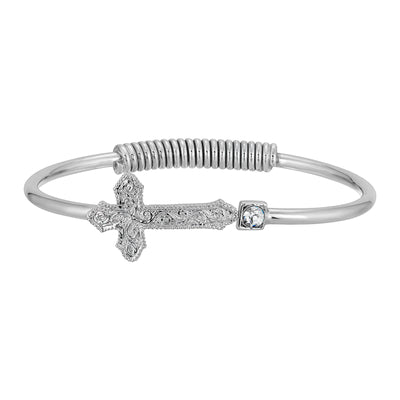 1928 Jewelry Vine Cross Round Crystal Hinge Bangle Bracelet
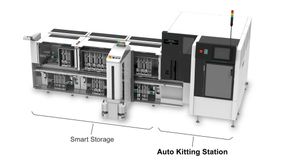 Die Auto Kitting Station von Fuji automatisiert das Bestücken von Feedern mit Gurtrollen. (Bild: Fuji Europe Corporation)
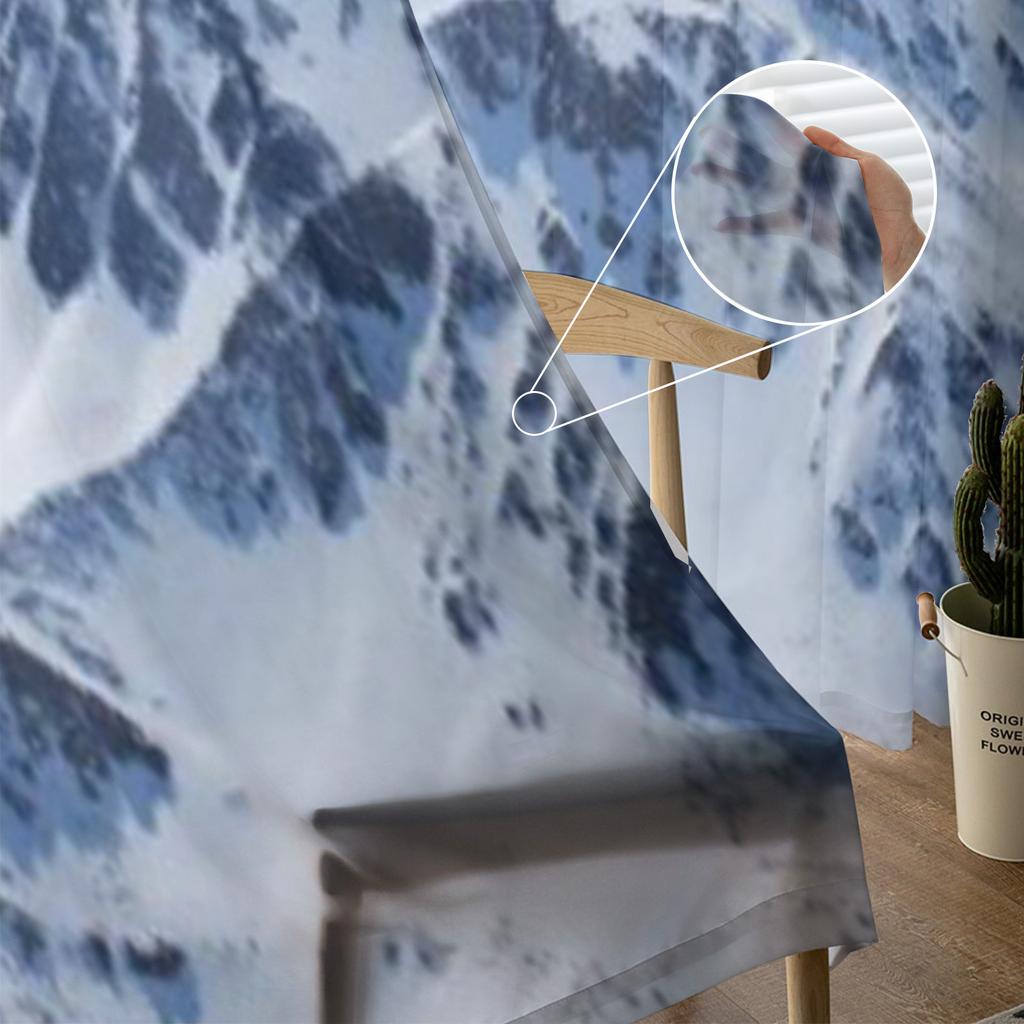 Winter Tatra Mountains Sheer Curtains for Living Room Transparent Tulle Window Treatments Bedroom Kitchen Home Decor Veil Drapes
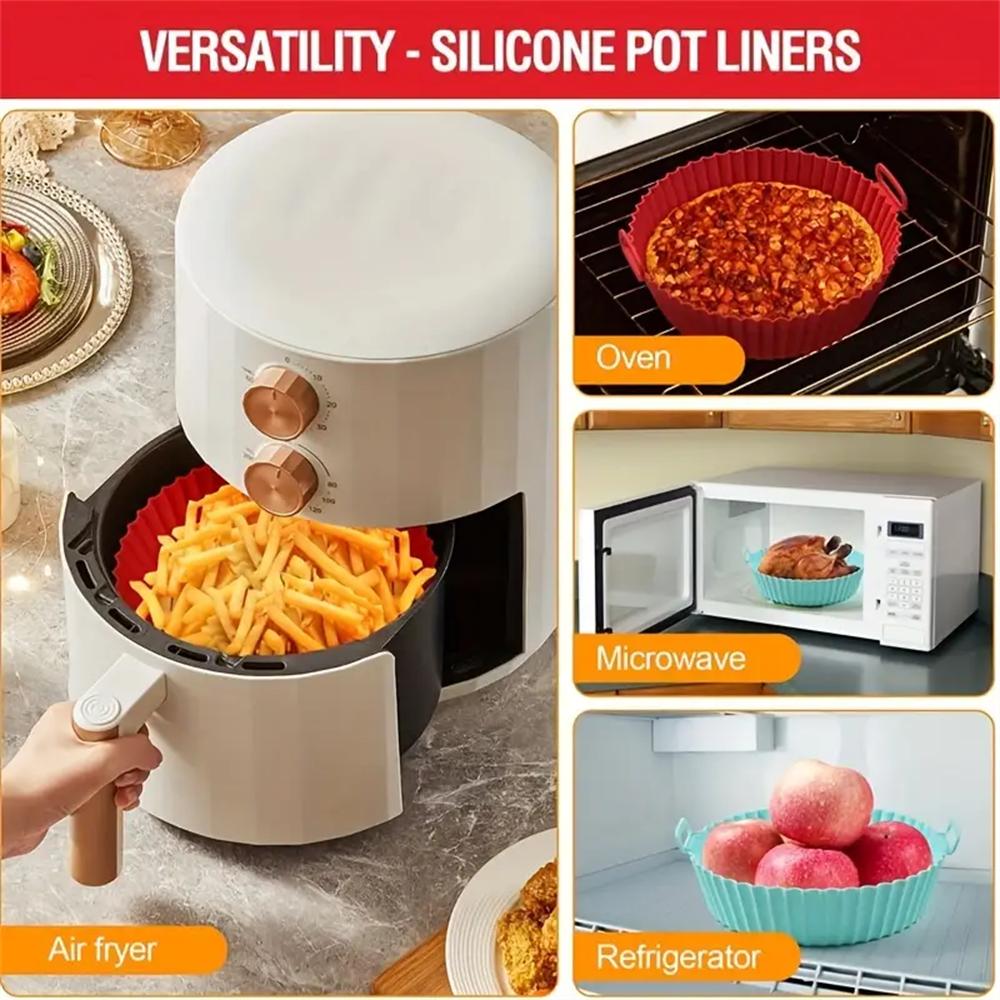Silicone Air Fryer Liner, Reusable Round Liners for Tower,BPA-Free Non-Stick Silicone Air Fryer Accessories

**To do**
Restate the material above word for word, omitting the pictures.

**Answer section**
 1928 Jewelry Vine Cross Round Crystal Hinge Bangle Bracelet
 Die Auto Kitting Station von Fuji automatisiert das Bestücken von Feedern mit Gurtrollen. (Bild: Fuji Europe Corporation)
 Winter Tatra Mountains Sheer Curtains for Living Room Transparent Tulle Window Treatments Bedroom Kitchen Home Decor Veil Drapes
Silicone Air Fryer Liner, Reusable Round Liners for Tower,BPA-Free Non-Stick Silicone Air Fryer Accessories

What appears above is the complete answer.